In the embodiment, backwards estimation of a collocated macroblock of B11108 may be performed using a motion estimation predictor 132A from B12110. A forward prediction and a forward motion vector of the macroblock may be fetched from external memory to internal memory 104 to perform a bipredictive motion estimation operation. The sum of absolute differences may be used to determine a preferred method of motion estimation of a B-frame between a forward motion estimation result, a backwards motion estimation result, and a combined motion estimation result. The combined motion estimation result may be an output of a bipredictive motion estimation mode. A chosen predicted reference may be stored in external memory.
In the embodiment, forward motion estimation of a collocated macroblock of B21114 may be performed using a motion estimation predictor 132C from P1112 and a search in the reference frame P1112. A forward prediction and a forward motion vector may be stored in external memory. In the embodiment, forward motion estimation of a collocated macroblock of B22116 may then be performed using a motion estimation predictor 132D from B21114. The resulting forward motion vector and forward prediction may then be stored in external memory. Forward motion estimation of P2118 may be performed using a motion estimation predictor 132N from B22 and a search in P1112.
In an embodiment, the described methods and system to reuse the search region 120 may be performed using 195 KB of internal memory and 975 MBPS of bandwidth between external memory and internal memory. The search range in a forward or a backward direction may be +/−144 horizontally and +/−72 vertically.
In an embodiment, when encoding a B-frame based group of picture using a “PBBP” sequence with a 960 megabit per second (MBPS) external memory transfer budget, reuse of a search region 120 in motion estimation may increase a supportable vertical search range from +/−24 pixels to +/−72 pixels with respect to a B-frame. A vertical search range of a P-frame may be increased from +/−64 pixels to +/−72 pixels. The increase in vertical search range may improve a quality of video compression with respect to a substantially equivalent external memory traffic used with another method.
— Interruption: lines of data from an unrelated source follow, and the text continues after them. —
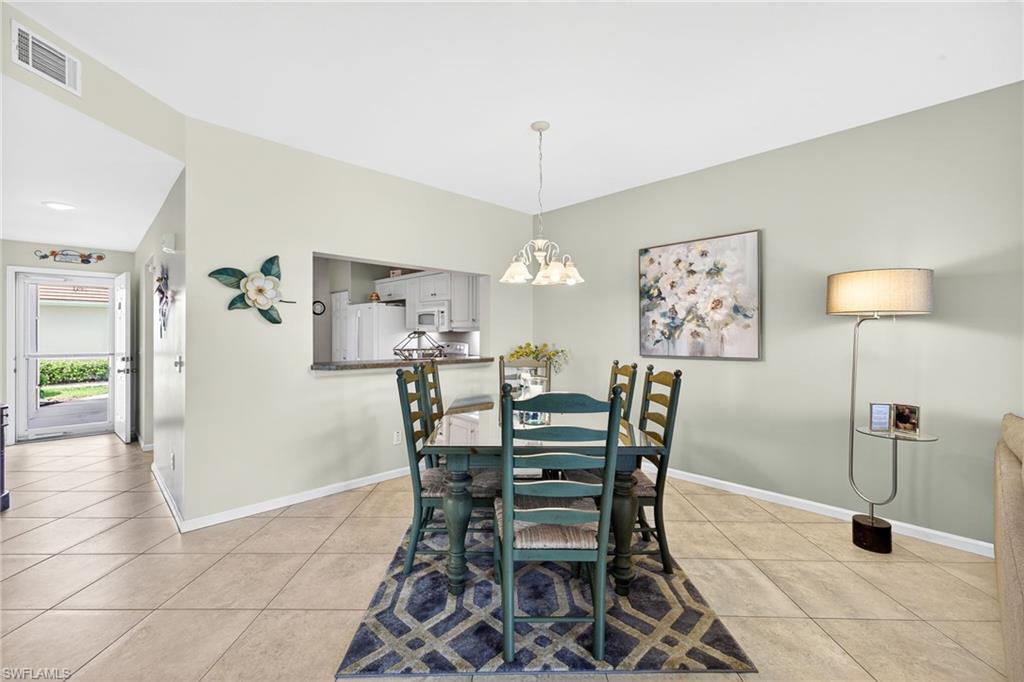 700 Saratoga CIR # B106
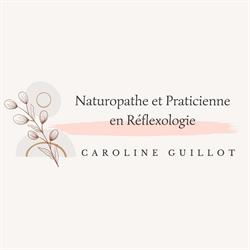 Guillot Caroline, Saint-Brevin-les-Pins - Horaires d'ouverture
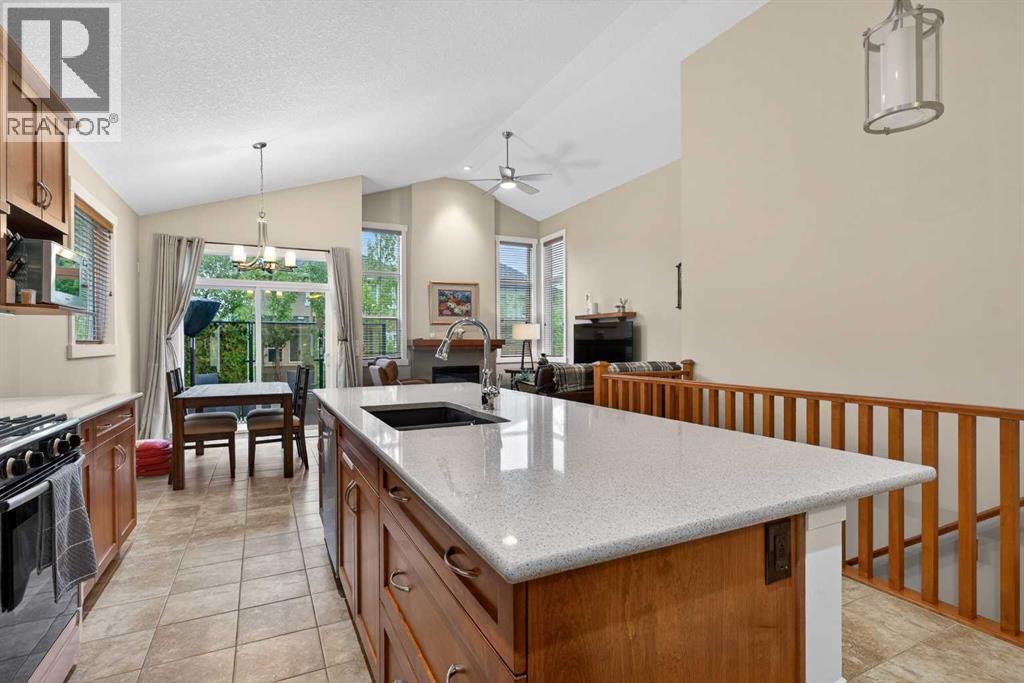 34 Valley Pointe Link NW - 11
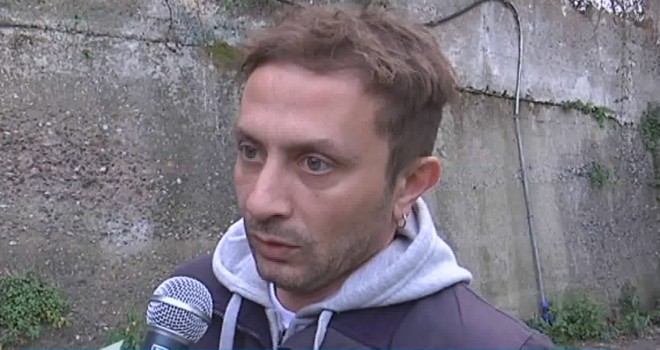 FCD Calcio Giarre, Musumeci: &ldquo;Abbiamo tanta voglia di fare bene&rdquo;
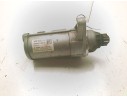MOTOR ARRANQUE 0AM911023N 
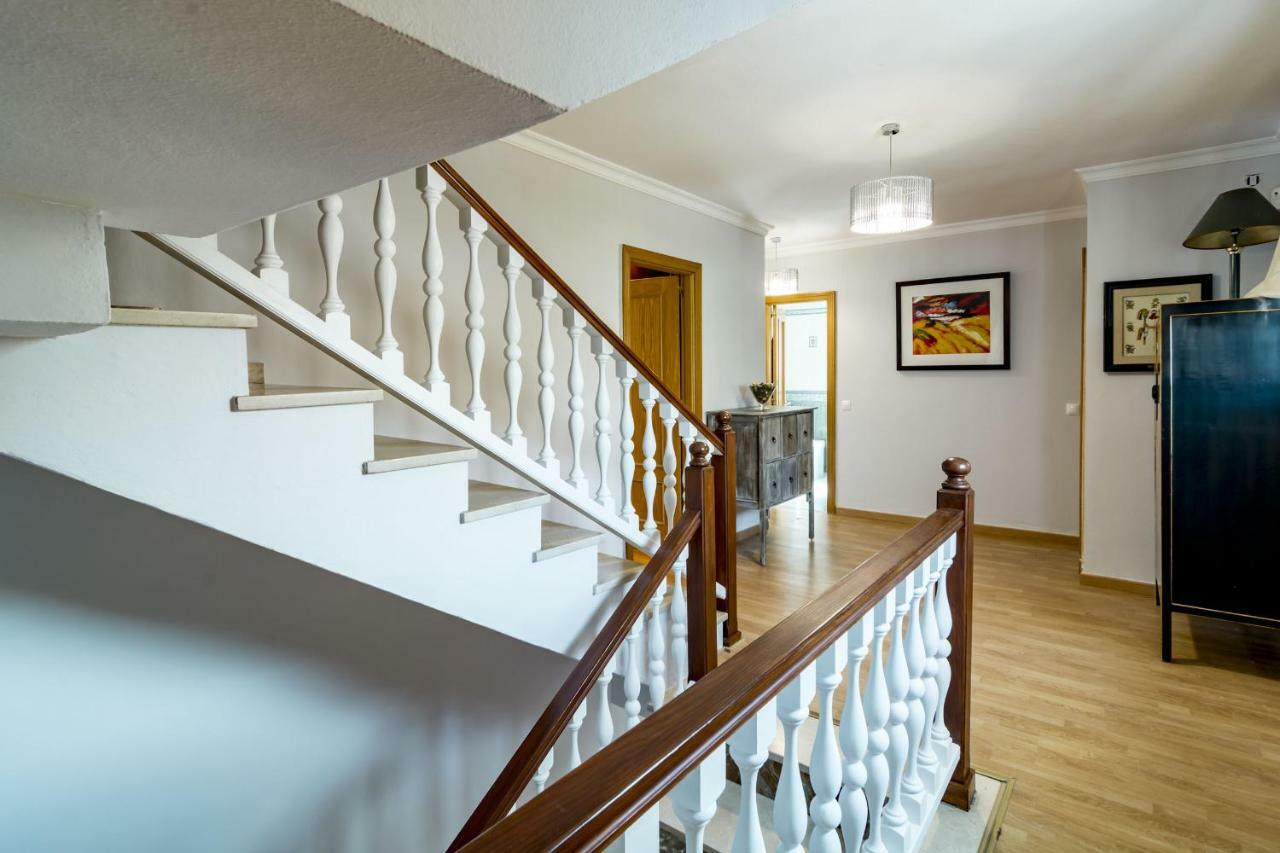 Casakhan, Beautiful Luxury Villa,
In an embodiment, using a time period allotted to displaying three frames to perform five motion estimation operations allows an improvement in balancing with respect to the motion estimation operations. In other embodiments, any number of time periods may be used to complete any corresponding number of motion estimation operations to perform real time motion estimation and encoding. Motion estimation operations may be balanced to provide greater time periods to perform particular motion estimation operations given that other operations may not use all of the allotted time period.
In an embodiment, motion estimation may be performed in a sequence to allow predictors from completed motion estimation operations of adjacent frames to be used to perform motion estimation of additional frames. The order of completed motion estimation operations may begin with frames closes to the reference frame and progress in either a forward or a backward direction away from the reference frame. In other embodiments, other frames may be used as a source of a predictor with respect to a motion estimation operation.
In another embodiment, encoding may be performed in which P-frames and intra coded frames are encoded in their display order, and other frames may be encoded in between the P-frames and intra coded frames. In the embodiment, B-frames are coded in their display order, but encoding operations are time delayed so that the B-frames are encoded after a P-frame that follows the B-frames in the display frame order 252.
In the example embodiment, the display order of frames may be 10258 at time TO, followed by B11208, B12210, P1212, B21214, B22216, P2218, B31260, B32262, P3264, B41266, B42268, P4270, B51272, and B52274. The I0258 may be an intra frame that is coded between T0+100 ms and T0+133 ms. Between T0+133 ms and T0+166 ms, motion estimation in the forward direction may be performed with respect to a collocated macroblock of the frames B11208 and B12210. Between T0+166 ms and T0+200 ms, motion estimation and encoding may be performed with respect to the frame P1212.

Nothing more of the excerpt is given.